Start of Data extract

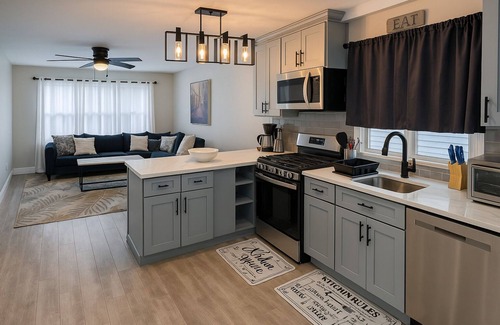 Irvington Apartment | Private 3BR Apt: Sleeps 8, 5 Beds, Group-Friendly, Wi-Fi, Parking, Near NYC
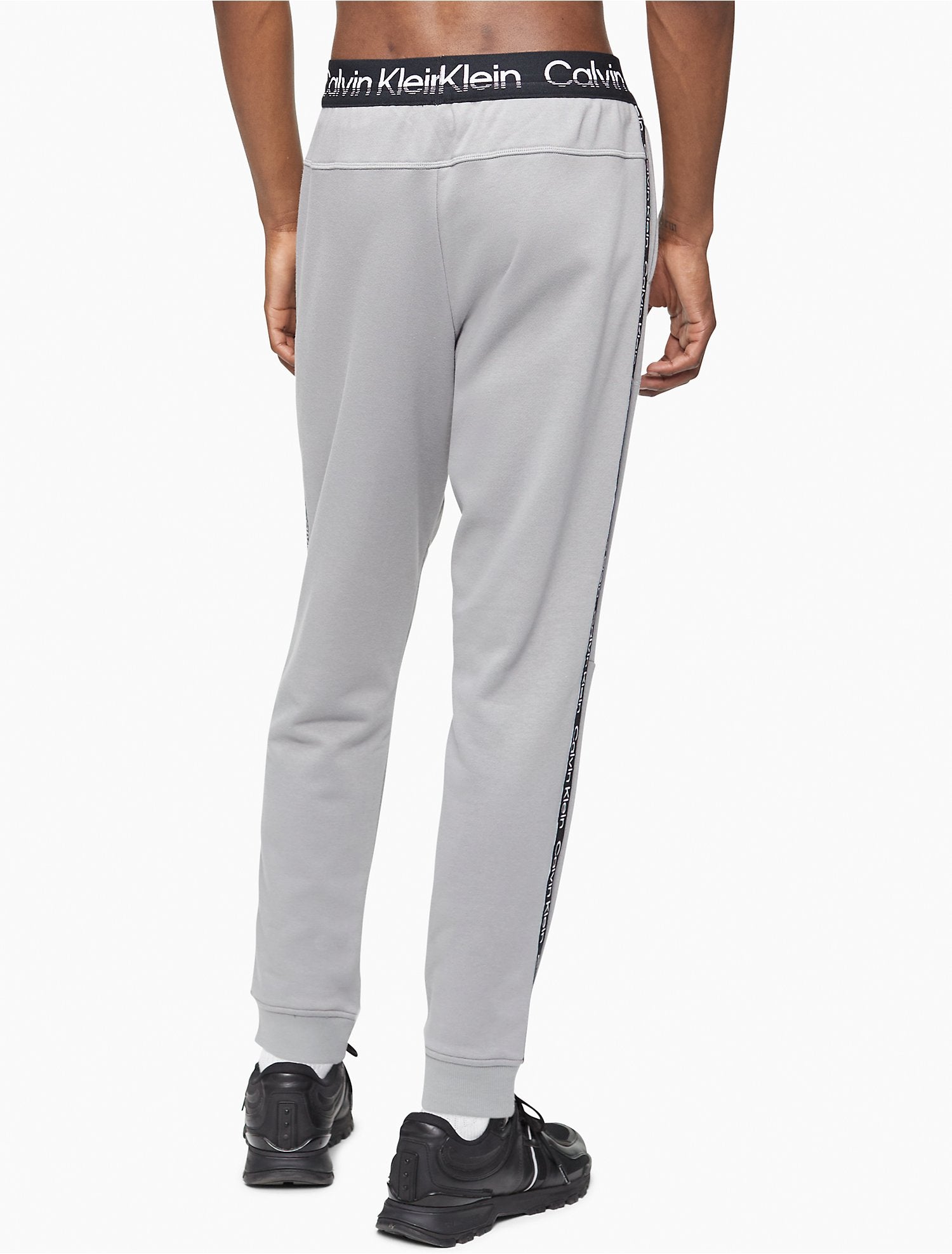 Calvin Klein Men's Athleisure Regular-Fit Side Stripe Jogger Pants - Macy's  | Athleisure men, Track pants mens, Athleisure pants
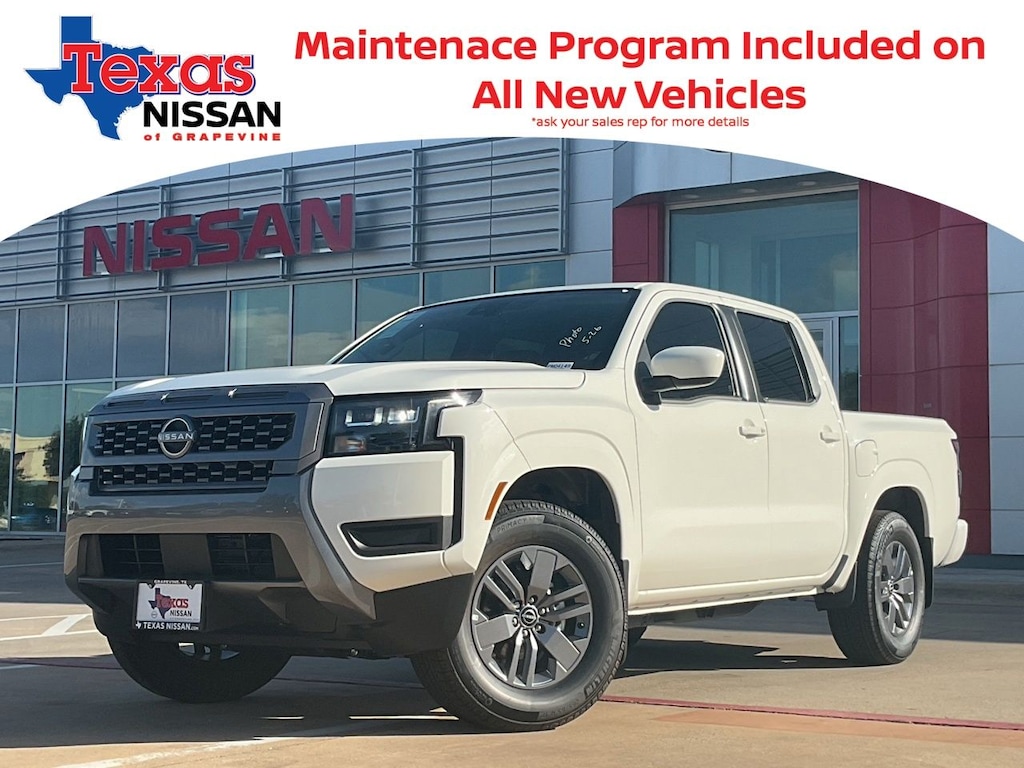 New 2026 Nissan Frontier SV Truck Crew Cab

End of Data extract

Description of the task | Strip the images and return the remaining data exactly.

Task response |
 Irvington Apartment | Private 3BR Apt: Sleeps 8, 5 Beds, Group-Friendly, Wi-Fi, Parking, Near NYC
 Calvin Klein Men's Athleisure Regular-Fit Side Stripe Jogger Pants - Macy's  | Athleisure men, Track pants mens, Athleisure pants
 New 2026 Nissan Frontier SV Truck Crew Cab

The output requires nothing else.